Yesterday, when planting some onion sets with 40 K-2 students, several of them were more interested in picking dandelions than the task at hand. But that was OK. Seeing today’s youth engaging in any nature activity is positive in my book. I am sure most of you reading this also picked dandelions when you were a small fry.

The part I am sure most of you didn’t need to do was ask an adult what they were. But that is OK, too. You can be 3, 33 or 103, and I am happy to answer any gardening question about anything. But then the other question came. “Miss Nancy, isn’t this the wish plant?” I said, of course. When the flower turns to a white puffball, you blow it, and the wishes of a hundred dandelion seeds comes true!

But do you need to care about those dandelions, creeping Charlie, violets, clover popping up in your lawn? Let me tell you, the times, they are a changin,’ my friend. The pristine lawn ranger’s goal of the perfect monoculture of Kentucky bluegrass blades, all standing at uninterrupted attention, isn’t the goal of many homeowners today.

If the above “perfect lawn” description is your goal, that is fine, too. I can give you every solution, from the organic one — which in the 1960s was many of our main jobs — an 8-year-old equipped with a bushel basket and their trusty dandelion picker. Or if you are more of a better living through chemical science, I can give you those recommendations, too.

But it will always be, first identify the problem. The 16-year-old “horticulturist” at the big box store, may give you a weed killer for a bug problem. Not their fault though, because yesterday they were a plumbing specialist, and this afternoon, they will be an expert in carpet installation.

While I am mentioning going to the store, you should also not take it as a signal to apply what you buy today, just because it is on sale. So many homeowners reach out to me after they have applied their grub control, only to learn that the best time of application here in Will County, depending on the product, is the week of July 4th; Not April 24th. You apply season-long grub killer now, and by late July when the grubs emerge, that chemical is but a memory. It has been diluted away by the microbes in the soil and the rains we have had since you applied it back in April.

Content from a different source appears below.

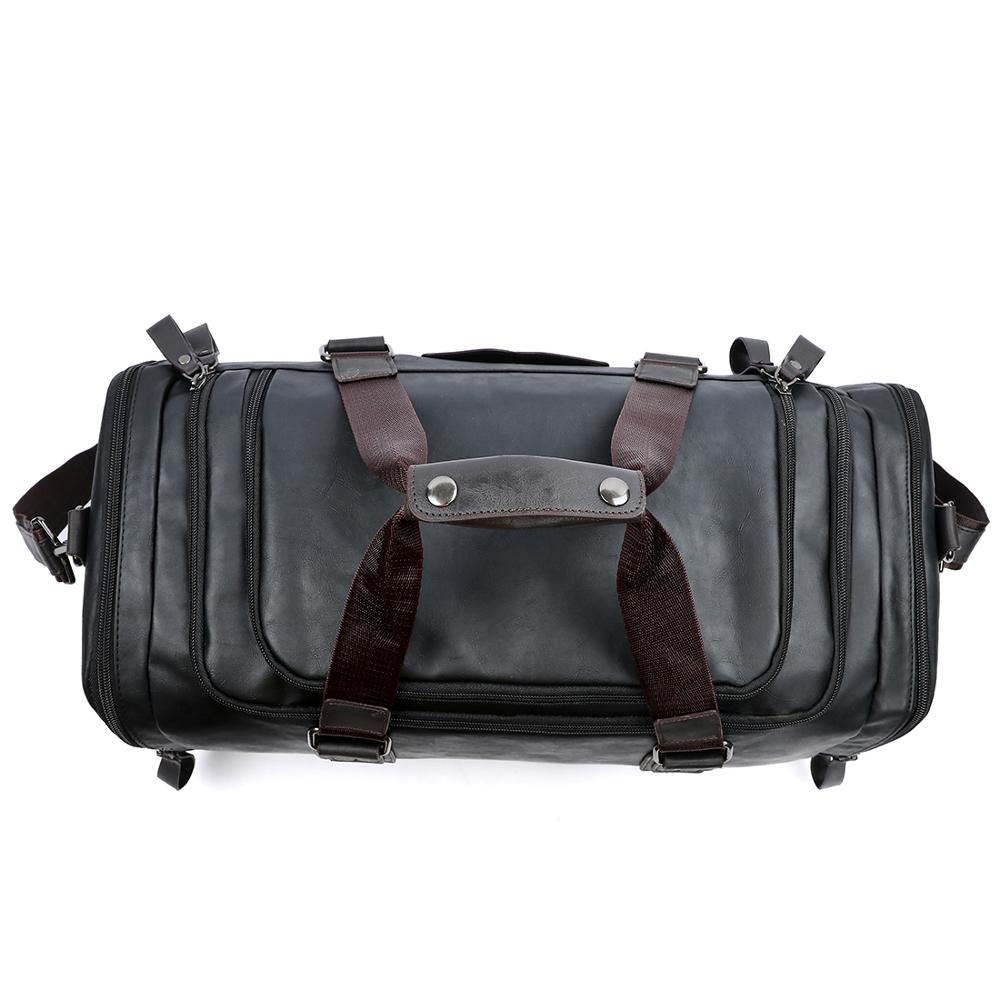 VICUNA POLO grande capacité hommes sacs de voyage Simple contraste noir sac polochon pour voyage décontracté voyage sac pour homme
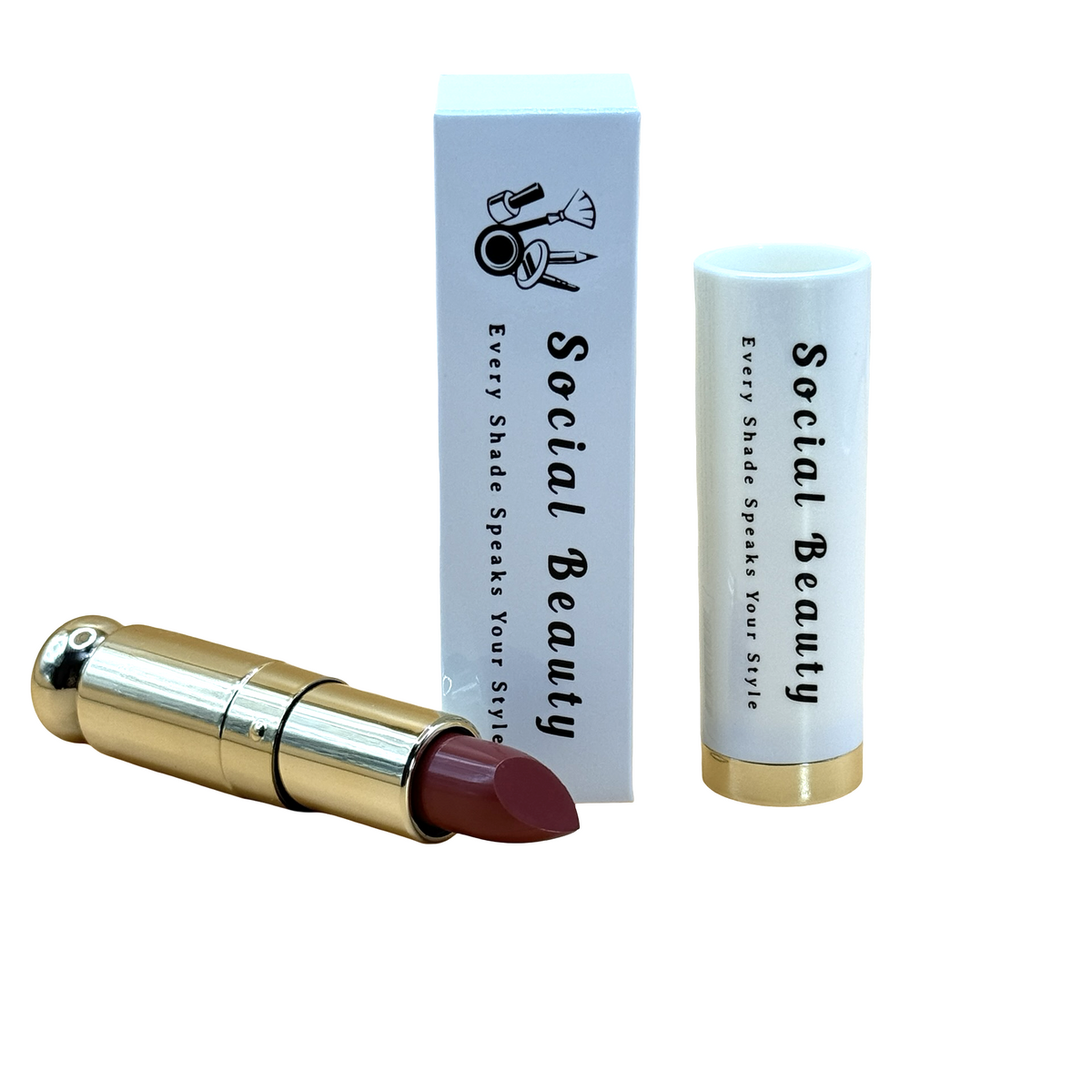 Social Beauty Glossy Lipstick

But who could blame a homeowner? The grub killer was on sale this week, and when you got to the store, a 3-foot cardboard grub was hanging from the ceiling. So, what should you do?

Google or reach out to us, University of Illinois Extension. I am only an email or phone call away. [email protected] 815 727 9296.

With us, you get research-based information with a wide range of practical solutions (we call it Integrated Pest Management or IPM). And most importantly, the right timing to get the best results.

So back to the idea of what your personal ideal lawn should look like. There has been a strong movement to support pollinators, and somewhat away from the idea that the only bad weed is a dead one. Actually, who determines that plants are “bad” anyway? We do.

So, in support of pollinators, and the use of “think first, spray later, or maybe never,” the “bee lawn” idea was born. Instead of looking at the yellow pompom of dandelion flowers as enemies, think of them as restaurants; this goes for all the weeds that bloom in the spring. These may be some of the only flowers available for our pollinators (besides tree flowers). Particularly in this year of early, early warm weather.

The bees and other pollinators are out, and need a great deal of energy, which is your all-you-can eat, weed buffet. I also prefer to call it not a weedy lawn, but a “perennial floral groundcover.” The choice is yours.
If you do prefer to treat for weeds, be sure you are using the right stuff and at the right time. The label is not only the law, but it provides all the information you need. No company wants you to use their product and get the least success.

Crabgrass preventer doesn’t work on quackgrass or creeping bentgrass. And do you really have crabgrass anyway? If you see patches of wide bladed grasses right now, guess what? It isn’t crabgrass. Crabgrass doesn’t germinate until the soil temps are above 55 degrees for 10 days straight. We aren’t even there yet.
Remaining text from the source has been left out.